**Work instructions:** Pictures must not appear; the answer is exactly the lines from the one that holds "米国国旗のサッカーボール クッション (正面)" through the end of the material.

------ Data extract

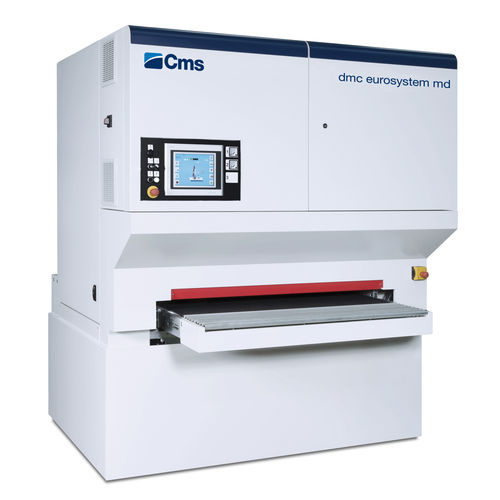 Станок для удаления заусенцев для отделки - dmc eurosystem md - CMS S.p.A. - ленточный / углового стеллажа / для металлических деталей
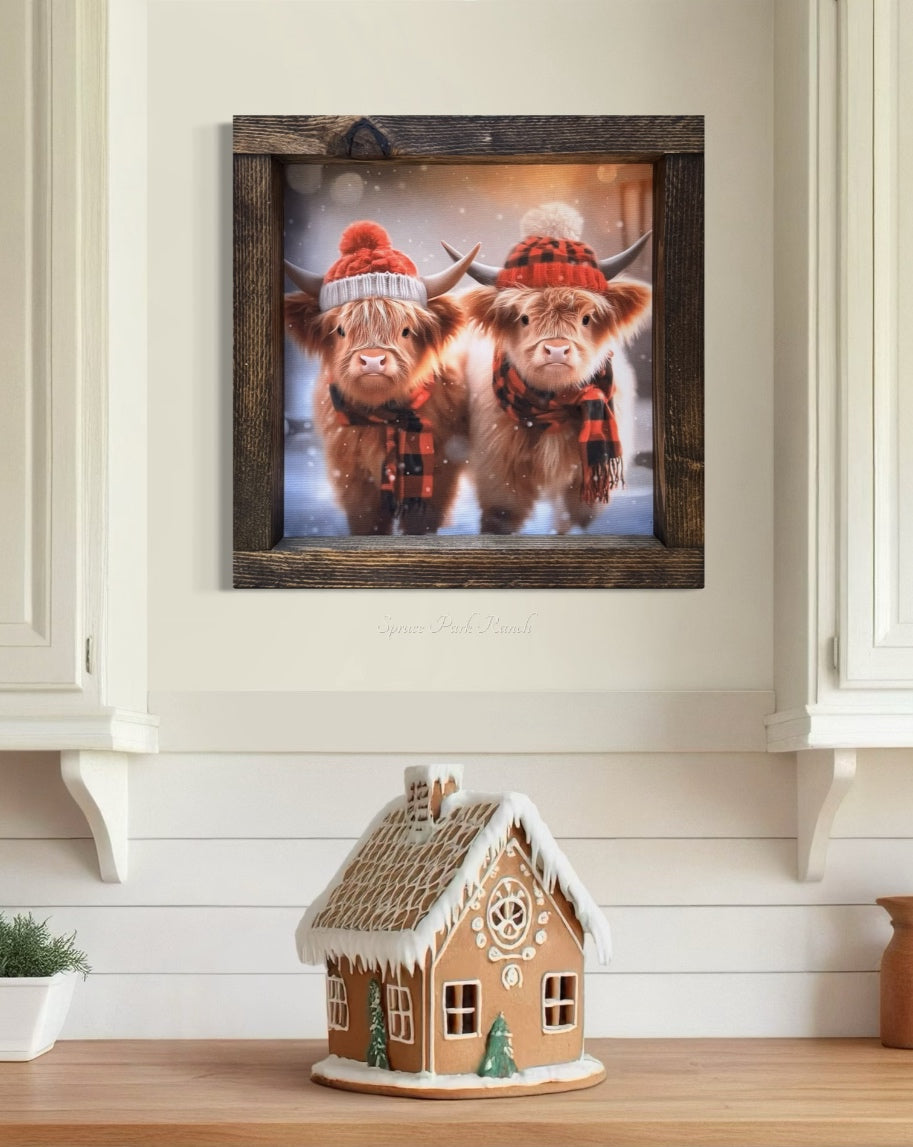 Highland Holiday Canvas Print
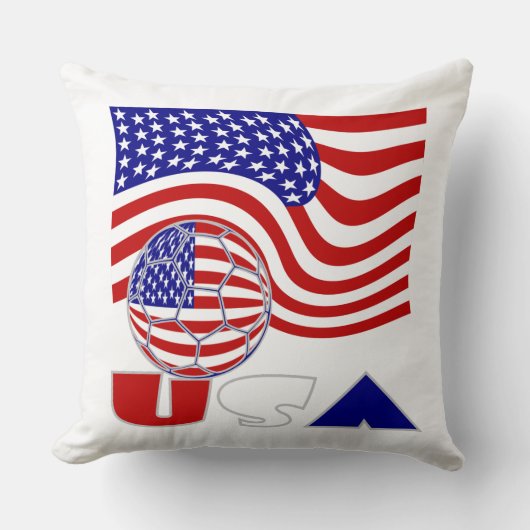米国国旗のサッカーボール クッション (正面)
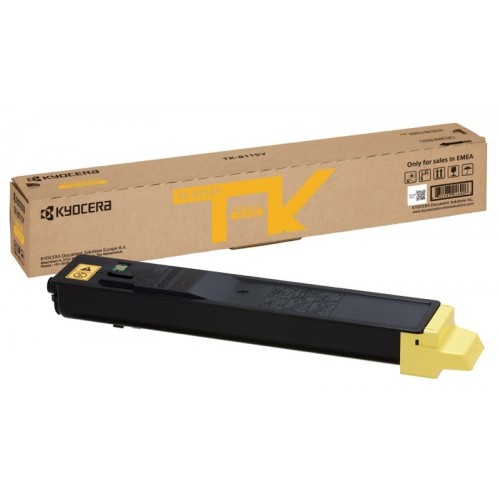 Toner Kyocera TK-8115Y Amarelo 1T02P3ANL0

------------

**Answer space:**
米国国旗のサッカーボール クッション (正面)
 Toner Kyocera TK-8115Y Amarelo 1T02P3ANL0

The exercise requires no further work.